Several important consumer protection features of health reform are set to go into effect Thursday, six months after the federal Affordable Care Act health reform package was signed into law, according to Delegate Donna Christensen.
Also known as the Patient’s Bill of Rights, these provisions seek to end insurance company abuses and put consumers and their doctors back in control of their own care, according to Christensen.
According to Christensen, the bill will “outlaw once and for all the most egregious practices of the insurance industry."
She added that V.I. adults will now be able to stay on their parents’ insurance until their 26th birthday and that "Virgin Islanders will no longer be subject to lifetime caps on what health insurance will pay, or risk losing their coverage when they get sick."

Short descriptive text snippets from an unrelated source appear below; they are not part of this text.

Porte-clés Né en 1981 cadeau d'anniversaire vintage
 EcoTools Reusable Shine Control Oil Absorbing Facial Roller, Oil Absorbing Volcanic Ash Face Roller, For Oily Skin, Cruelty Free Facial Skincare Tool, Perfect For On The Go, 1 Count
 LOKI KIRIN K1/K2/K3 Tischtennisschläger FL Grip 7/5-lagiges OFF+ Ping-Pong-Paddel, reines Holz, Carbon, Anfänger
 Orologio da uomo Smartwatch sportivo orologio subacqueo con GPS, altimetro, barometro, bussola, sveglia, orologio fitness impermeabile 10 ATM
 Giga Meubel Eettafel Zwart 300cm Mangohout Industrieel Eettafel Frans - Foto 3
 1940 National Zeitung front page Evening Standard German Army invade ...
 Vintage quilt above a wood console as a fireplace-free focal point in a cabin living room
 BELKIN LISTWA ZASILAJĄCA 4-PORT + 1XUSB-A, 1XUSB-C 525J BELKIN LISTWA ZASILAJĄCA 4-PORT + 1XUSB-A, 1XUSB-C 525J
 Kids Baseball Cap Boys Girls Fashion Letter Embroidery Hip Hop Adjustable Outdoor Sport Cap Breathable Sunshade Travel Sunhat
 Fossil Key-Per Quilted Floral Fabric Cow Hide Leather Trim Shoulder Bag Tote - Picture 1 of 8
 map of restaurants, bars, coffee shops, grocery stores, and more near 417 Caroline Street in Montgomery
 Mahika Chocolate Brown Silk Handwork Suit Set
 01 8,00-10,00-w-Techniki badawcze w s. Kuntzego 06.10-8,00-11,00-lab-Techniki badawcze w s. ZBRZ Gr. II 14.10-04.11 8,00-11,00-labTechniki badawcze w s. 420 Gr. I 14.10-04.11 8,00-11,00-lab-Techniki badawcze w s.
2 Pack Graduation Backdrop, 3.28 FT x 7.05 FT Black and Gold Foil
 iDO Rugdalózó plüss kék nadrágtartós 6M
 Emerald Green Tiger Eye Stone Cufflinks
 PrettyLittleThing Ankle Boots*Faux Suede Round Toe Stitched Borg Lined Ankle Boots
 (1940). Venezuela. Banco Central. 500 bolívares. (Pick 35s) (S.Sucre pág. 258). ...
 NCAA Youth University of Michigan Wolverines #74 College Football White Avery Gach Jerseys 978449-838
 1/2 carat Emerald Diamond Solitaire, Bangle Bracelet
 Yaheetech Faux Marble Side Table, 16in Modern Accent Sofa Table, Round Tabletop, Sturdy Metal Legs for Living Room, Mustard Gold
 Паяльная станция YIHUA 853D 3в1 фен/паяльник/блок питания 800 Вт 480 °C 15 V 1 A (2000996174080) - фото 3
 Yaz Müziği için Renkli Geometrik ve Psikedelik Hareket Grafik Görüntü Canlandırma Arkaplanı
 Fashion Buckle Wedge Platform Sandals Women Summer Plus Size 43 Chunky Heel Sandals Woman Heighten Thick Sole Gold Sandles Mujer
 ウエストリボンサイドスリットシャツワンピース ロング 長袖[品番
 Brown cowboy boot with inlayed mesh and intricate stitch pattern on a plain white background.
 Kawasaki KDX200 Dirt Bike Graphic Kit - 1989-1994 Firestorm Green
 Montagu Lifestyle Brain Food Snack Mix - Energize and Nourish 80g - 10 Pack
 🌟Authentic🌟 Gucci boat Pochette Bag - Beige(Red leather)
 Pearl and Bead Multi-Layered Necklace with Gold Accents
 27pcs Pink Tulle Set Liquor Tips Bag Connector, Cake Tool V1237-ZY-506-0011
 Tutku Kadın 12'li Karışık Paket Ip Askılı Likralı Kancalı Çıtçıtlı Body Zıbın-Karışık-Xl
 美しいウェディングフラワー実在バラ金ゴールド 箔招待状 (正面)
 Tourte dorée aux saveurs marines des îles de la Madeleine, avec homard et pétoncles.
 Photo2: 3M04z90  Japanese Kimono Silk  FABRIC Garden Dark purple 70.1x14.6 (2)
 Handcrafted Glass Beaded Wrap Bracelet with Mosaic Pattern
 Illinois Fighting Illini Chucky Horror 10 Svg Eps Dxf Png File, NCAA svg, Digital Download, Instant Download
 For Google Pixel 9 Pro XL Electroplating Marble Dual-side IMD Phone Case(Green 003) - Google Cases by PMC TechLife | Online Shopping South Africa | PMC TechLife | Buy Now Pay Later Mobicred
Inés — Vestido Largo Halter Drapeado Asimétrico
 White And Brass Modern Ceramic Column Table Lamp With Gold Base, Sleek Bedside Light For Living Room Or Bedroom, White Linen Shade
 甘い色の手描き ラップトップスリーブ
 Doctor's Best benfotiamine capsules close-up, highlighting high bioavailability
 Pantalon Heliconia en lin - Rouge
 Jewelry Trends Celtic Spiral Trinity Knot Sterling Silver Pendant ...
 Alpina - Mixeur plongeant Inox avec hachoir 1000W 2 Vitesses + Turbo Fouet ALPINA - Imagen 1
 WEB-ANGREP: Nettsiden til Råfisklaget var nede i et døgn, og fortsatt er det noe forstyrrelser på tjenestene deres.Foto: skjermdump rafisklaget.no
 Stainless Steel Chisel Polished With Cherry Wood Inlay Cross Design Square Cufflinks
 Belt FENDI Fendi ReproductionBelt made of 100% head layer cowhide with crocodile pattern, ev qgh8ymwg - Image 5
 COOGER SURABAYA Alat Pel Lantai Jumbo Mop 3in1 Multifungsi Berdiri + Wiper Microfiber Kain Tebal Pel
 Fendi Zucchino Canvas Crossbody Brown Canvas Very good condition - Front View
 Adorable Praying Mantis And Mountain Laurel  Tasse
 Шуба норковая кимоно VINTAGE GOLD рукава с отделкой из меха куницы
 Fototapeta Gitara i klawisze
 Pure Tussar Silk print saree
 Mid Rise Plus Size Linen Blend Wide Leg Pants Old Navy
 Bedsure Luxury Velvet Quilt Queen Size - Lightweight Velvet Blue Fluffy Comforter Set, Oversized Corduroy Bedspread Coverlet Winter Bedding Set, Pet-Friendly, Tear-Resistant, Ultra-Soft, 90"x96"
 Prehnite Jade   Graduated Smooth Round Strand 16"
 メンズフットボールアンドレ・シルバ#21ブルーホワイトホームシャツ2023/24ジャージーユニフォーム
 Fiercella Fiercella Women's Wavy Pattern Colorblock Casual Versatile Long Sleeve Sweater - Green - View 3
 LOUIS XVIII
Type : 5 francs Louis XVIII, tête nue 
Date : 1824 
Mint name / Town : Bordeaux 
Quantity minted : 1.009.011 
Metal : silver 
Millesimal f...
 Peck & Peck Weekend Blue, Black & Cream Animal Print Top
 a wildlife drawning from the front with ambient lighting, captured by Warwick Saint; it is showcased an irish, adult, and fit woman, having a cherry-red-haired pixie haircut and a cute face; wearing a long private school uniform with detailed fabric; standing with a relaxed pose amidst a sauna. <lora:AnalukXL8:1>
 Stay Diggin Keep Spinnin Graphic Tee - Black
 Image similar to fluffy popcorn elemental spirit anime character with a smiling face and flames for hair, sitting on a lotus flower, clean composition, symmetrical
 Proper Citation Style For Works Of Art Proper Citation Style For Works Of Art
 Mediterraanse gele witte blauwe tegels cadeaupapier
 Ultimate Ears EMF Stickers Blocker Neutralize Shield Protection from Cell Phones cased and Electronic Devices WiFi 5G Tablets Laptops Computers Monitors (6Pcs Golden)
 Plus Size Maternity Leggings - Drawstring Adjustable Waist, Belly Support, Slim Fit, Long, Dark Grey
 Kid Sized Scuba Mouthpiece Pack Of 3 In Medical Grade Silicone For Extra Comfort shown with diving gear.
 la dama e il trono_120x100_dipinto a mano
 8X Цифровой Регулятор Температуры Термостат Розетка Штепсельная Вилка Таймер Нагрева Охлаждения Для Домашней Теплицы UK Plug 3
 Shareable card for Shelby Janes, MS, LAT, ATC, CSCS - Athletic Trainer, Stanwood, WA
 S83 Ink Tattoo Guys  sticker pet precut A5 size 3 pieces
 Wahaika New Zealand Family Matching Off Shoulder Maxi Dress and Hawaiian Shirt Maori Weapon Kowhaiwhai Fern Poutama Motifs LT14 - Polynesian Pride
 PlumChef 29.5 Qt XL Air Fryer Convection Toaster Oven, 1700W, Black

For health plan years beginning on or after Sept. 23, all U.S. citizens who currently have health insurance will have the following protections:
— Health coverage cannot be arbitrarily cancelled if you become sick;
— Children cannot be denied coverage due to a pre-existing condition;
— Children up to age 26 can stay on their parents’ health plan;
— Health insurance giants cannot put a lifetime limit on health coverage;
— Health plans’ annual limits are phased out over three years.
Those, consumers purchasing new plans will have the following new protections:
–Patients have the right to choose their own doctor;
–Preventive services will be available without deductable or co-payments;
–Patients have the right to both an internal and external appeal of insurers’ coverage decisions;
–Health plans must make certain preventive services, like mammograms and colonoscopies, free of charge;
–Patients have the right to access out-of-network emergency room care at in-network cost-sharing rates.
Small businesses can get assistance with providing insurance benefits to their workers, too, Christensen said. The first phase provides credit up to 35 percent of what the business pays for their employees’ health insurance. Small non-profit organizations may receive up to a 25 percent credit.
The new law also creates different ways to reduce fraud in Medicaid, Medicare and CHIP and will improve the overall quality of health care and lower health care costs for thousands of V.I. consumers, Christensen said.